Task directions: Your task is to transcribe all of the data below exactly, omitting the images.
** Material for this exercise follows **
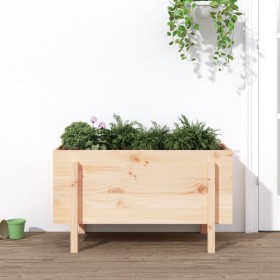 Arriate elevado de jardín madera maciza de pino 101x50x57 cm en Macetas y jardineras | Comprar online en Foru.es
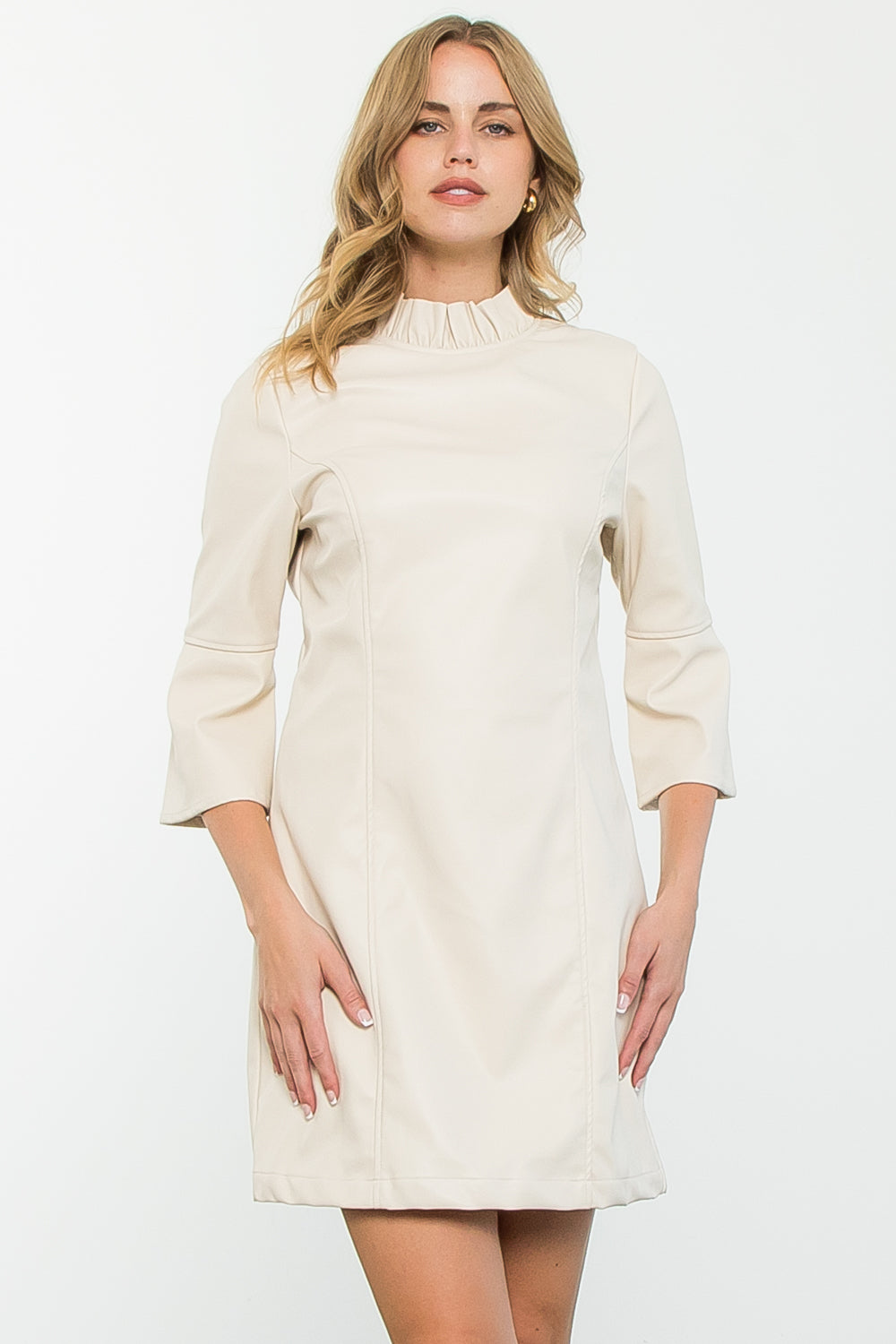 Leather cream dress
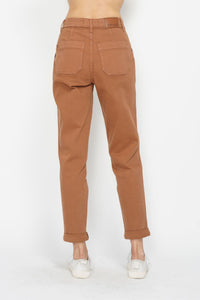 CAMEL HIGH WAIST GARMENT DYED CUFFED JOGGERS JUDY BLUE DENIM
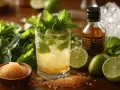 Orzeźwiający mohito drink z miętą, limonką i cukrem trzcinowym. Obok buteleczka rumu i lód.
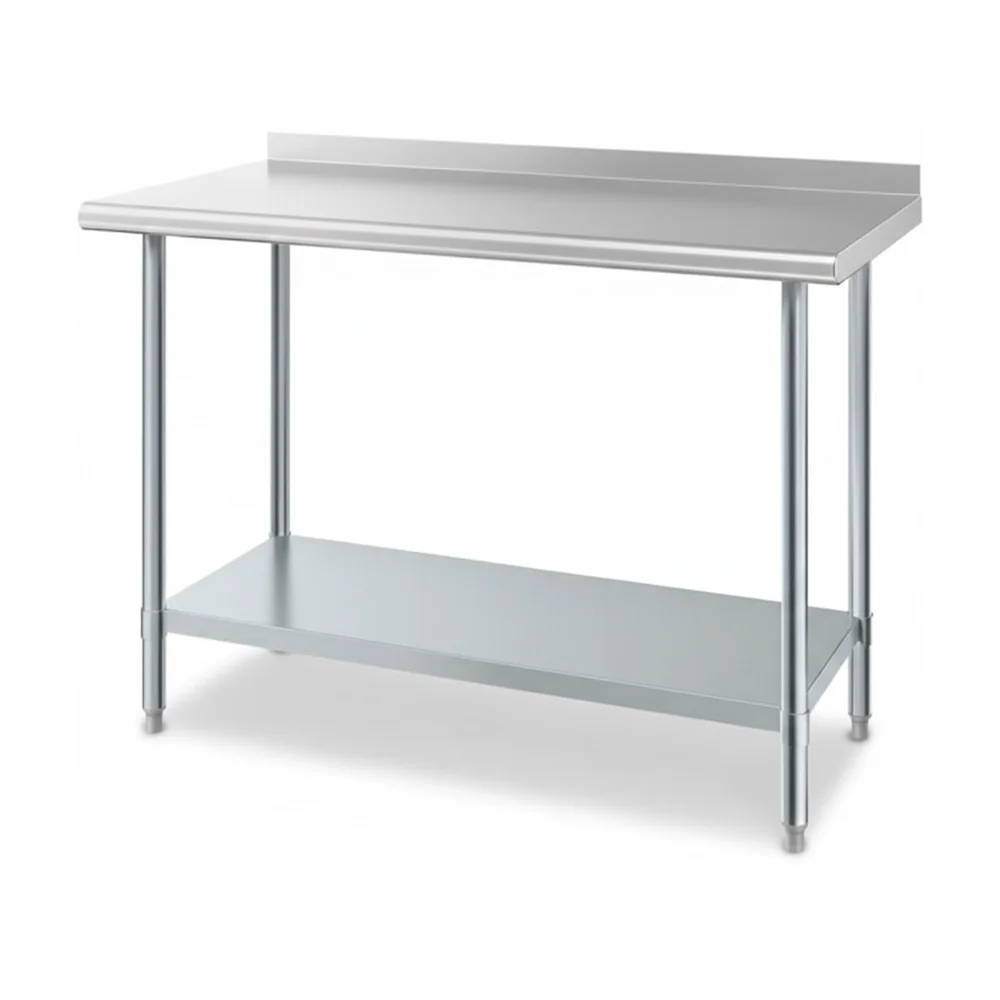 24″ × 48″ 18 Gauge Work Table with Undershelf & 2" Rear Upturn, 430 Stainless Steel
** End of Material for this exercise **
Output below:
 Arriate elevado de jardín madera maciza de pino 101x50x57 cm en Macetas y jardineras | Comprar online en Foru.es
 Leather cream dress
 CAMEL HIGH WAIST GARMENT DYED CUFFED JOGGERS JUDY BLUE DENIM
 Orzeźwiający mohito drink z miętą, limonką i cukrem trzcinowym. Obok buteleczka rumu i lód.
 24″ × 48″ 18 Gauge Work Table with Undershelf & 2" Rear Upturn, 430 Stainless Steel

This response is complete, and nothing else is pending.